[To do] Without any of the pictures, print every record below exactly.

[Entries taken from a collection]
+===+

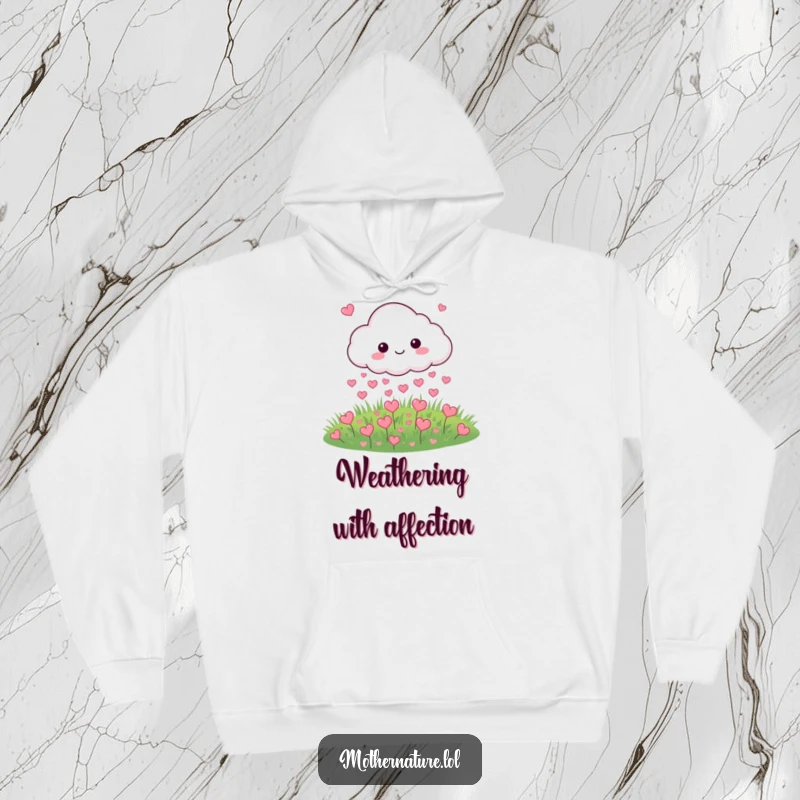 Funny hoodie featuring a cloud character playfully raining small hearts onto a meadow, perfect for cozy days.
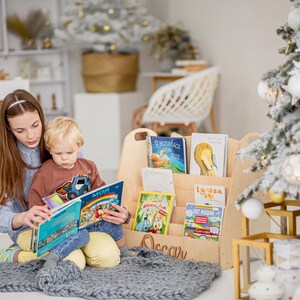 K&ouml;nnte beinhalten: Ein Holz-Buchregal mit einem Griff und dem eingravierten Namen "Oscar" auf der Vorderseite. Das Regal ist mit Kinderb&uuml;chern gef&uuml;llt. Ein junges M&auml;dchen und ein Junge sitzen auf einer grauen Decke und lesen ein Buch zusammen.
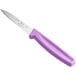 A purple Choice serrated edge paring knife with a purple handle.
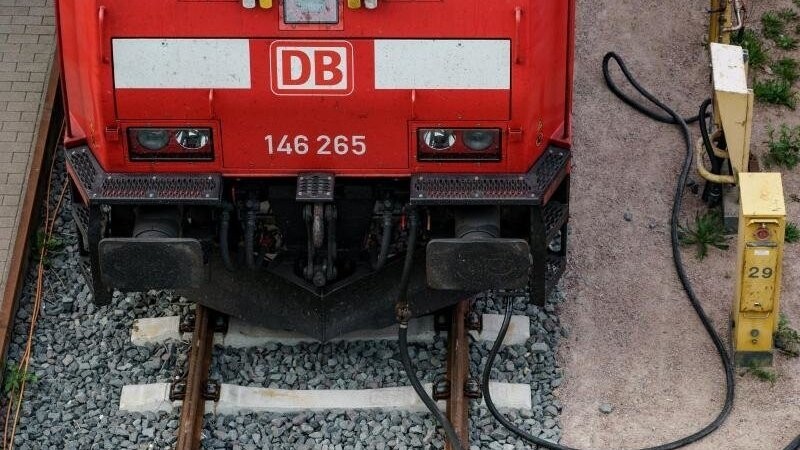 Eine Lokomotive der Deutschen Bahn steht vor dem Kieler Hauptbahnhof auf den Gleisen und ist an Versorgungsleitungen angeschlossen.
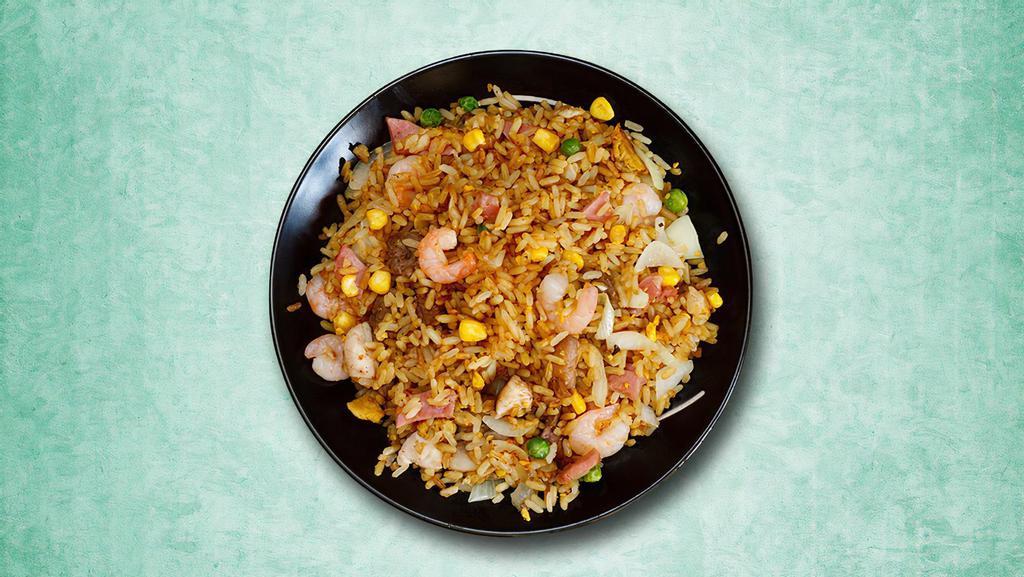 Wok Tossed Shrimp Rice · Tender seasoned shrimp stir fried with eggs, vegetables and rice.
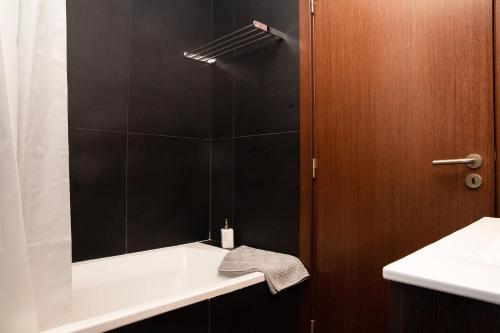 a bathroom with a shower with a sink and a mirror at Modern 2Bed Rooftop Pool & Gym, Marina &Meia Praia Lagos in Lagos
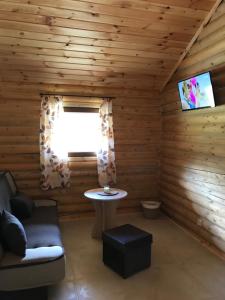 a room in a log cabin with a table and a window at Ignaszówka in Radawa
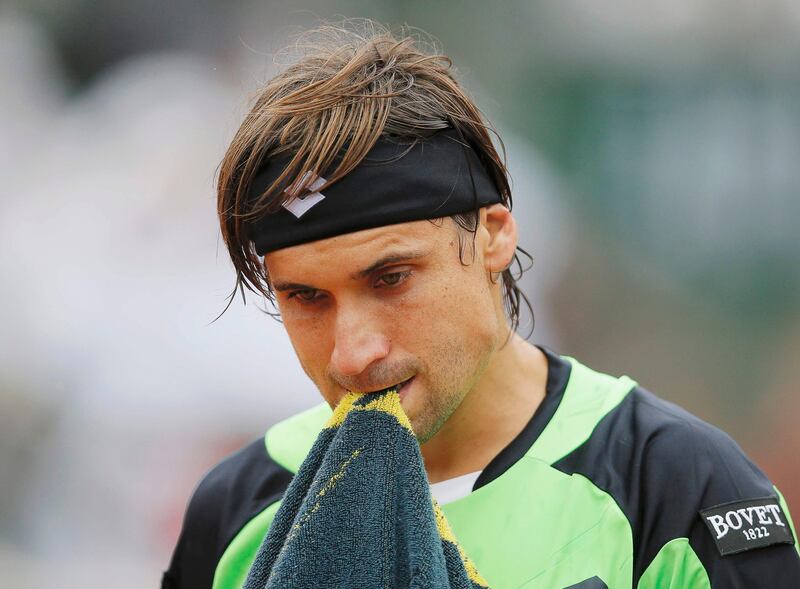 David Ferrer of Spain reacts during his men's singles final match against compatriot Rafael Nadal at the French Open tennis tournament at the Roland Garros stadium in Paris June 9, 2013. Ferrer lost the match to Nadal. REUTERS/Gonzalo Fuentes (FRANCE  - Tags: SPORT TENNIS)   *** Local Caption ***  RGT928_TENNIS-OPEN-_0609_11.JPG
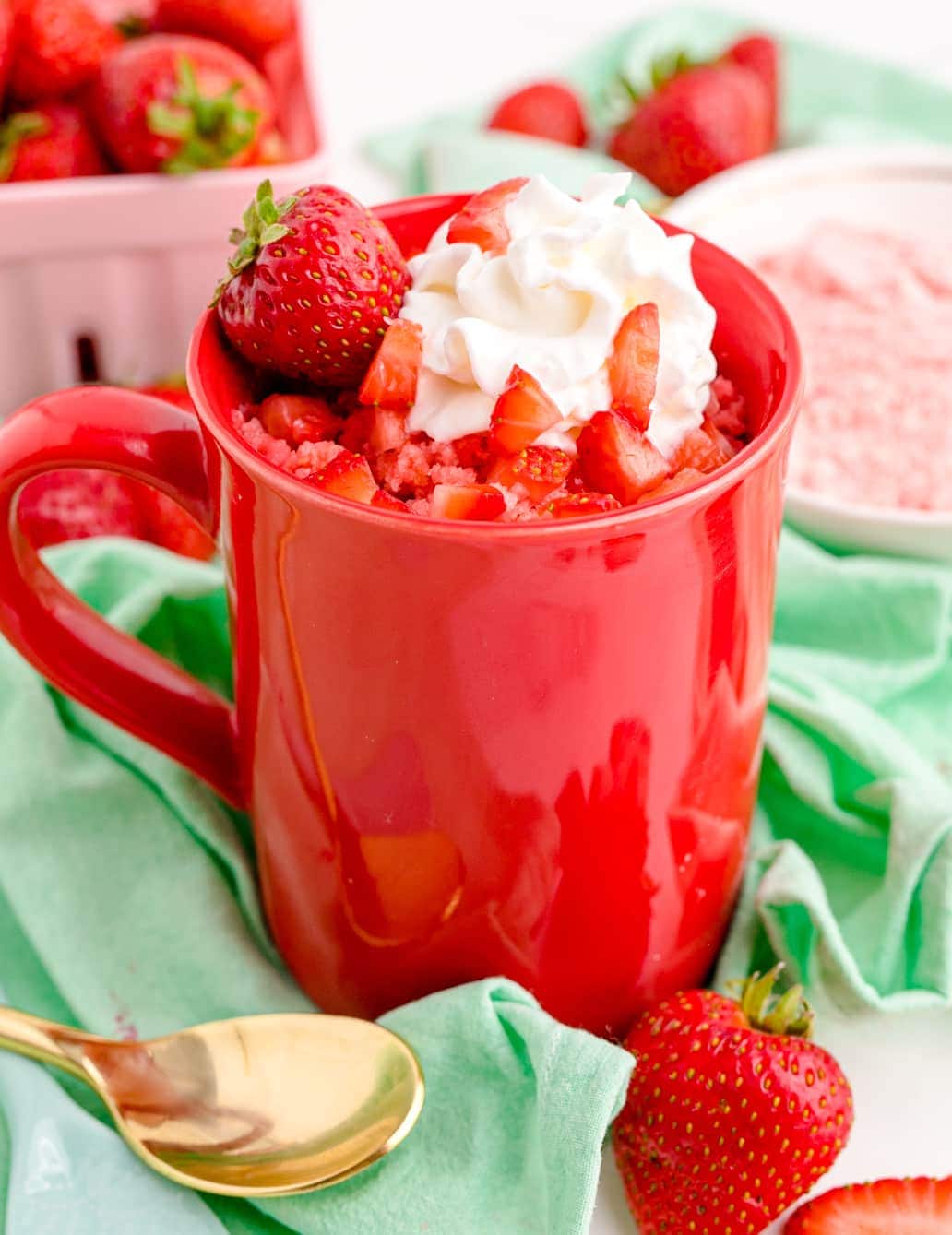 strawberry mug cake in a red cup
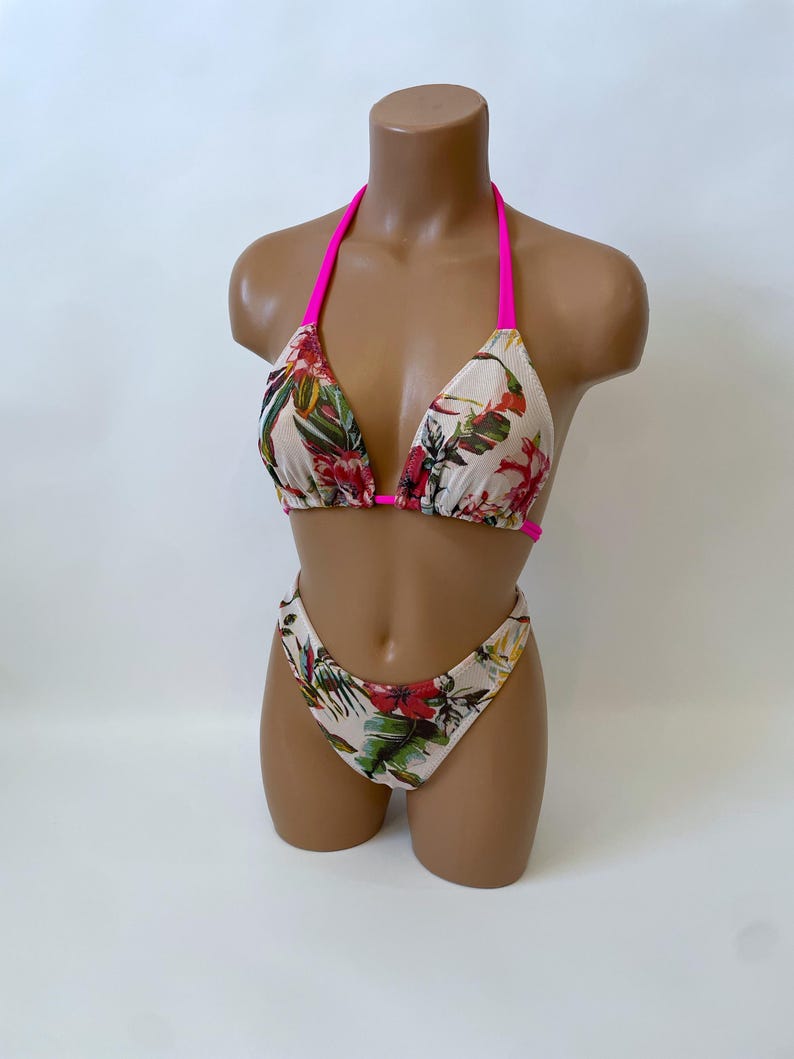 May include: A two-piece bikini set with a floral pattern. The bikini top has a halter neck with bright pink straps. The bottoms are high-waisted. The floral pattern includes red, green, and yellow flowers on a cream background.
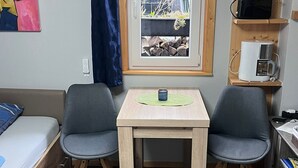 A small, cozy room with a bed, two chairs, a table, a window with blinds, a shelf with a coffee maker, and a painting on the wall. - Tiny House "Black Pearl" (Tettnang)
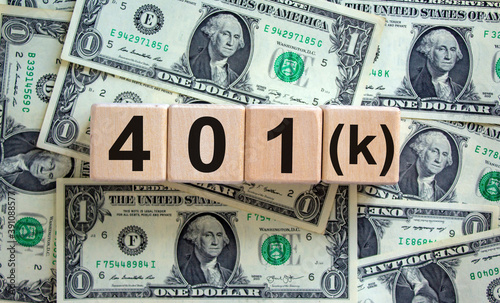 Concept text '4O1k' on cubes on a beautiful background from dollar bills. Business concept. Copy space.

+===+

[Expected output]
 Funny hoodie featuring a cloud character playfully raining small hearts onto a meadow, perfect for cozy days.
 K&ouml;nnte beinhalten: Ein Holz-Buchregal mit einem Griff und dem eingravierten Namen "Oscar" auf der Vorderseite. Das Regal ist mit Kinderb&uuml;chern gef&uuml;llt. Ein junges M&auml;dchen und ein Junge sitzen auf einer grauen Decke und lesen ein Buch zusammen.
 A purple Choice serrated edge paring knife with a purple handle.
 Eine Lokomotive der Deutschen Bahn steht vor dem Kieler Hauptbahnhof auf den Gleisen und ist an Versorgungsleitungen angeschlossen.
 Wok Tossed Shrimp Rice · Tender seasoned shrimp stir fried with eggs, vegetables and rice.
 a bathroom with a shower with a sink and a mirror at Modern 2Bed Rooftop Pool & Gym, Marina &Meia Praia Lagos in Lagos
 a room in a log cabin with a table and a window at Ignaszówka in Radawa
 David Ferrer of Spain reacts during his men's singles final match against compatriot Rafael Nadal at the French Open tennis tournament at the Roland Garros stadium in Paris June 9, 2013. Ferrer lost the match to Nadal. REUTERS/Gonzalo Fuentes (FRANCE  - Tags: SPORT TENNIS)   *** Local Caption ***  RGT928_TENNIS-OPEN-_0609_11.JPG
 strawberry mug cake in a red cup
 May include: A two-piece bikini set with a floral pattern. The bikini top has a halter neck with bright pink straps. The bottoms are high-waisted. The floral pattern includes red, green, and yellow flowers on a cream background.
 A small, cozy room with a bed, two chairs, a table, a window with blinds, a shelf with a coffee maker, and a painting on the wall. - Tiny House "Black Pearl" (Tettnang)
 Concept text '4O1k' on cubes on a beautiful background from dollar bills. Business concept. Copy space.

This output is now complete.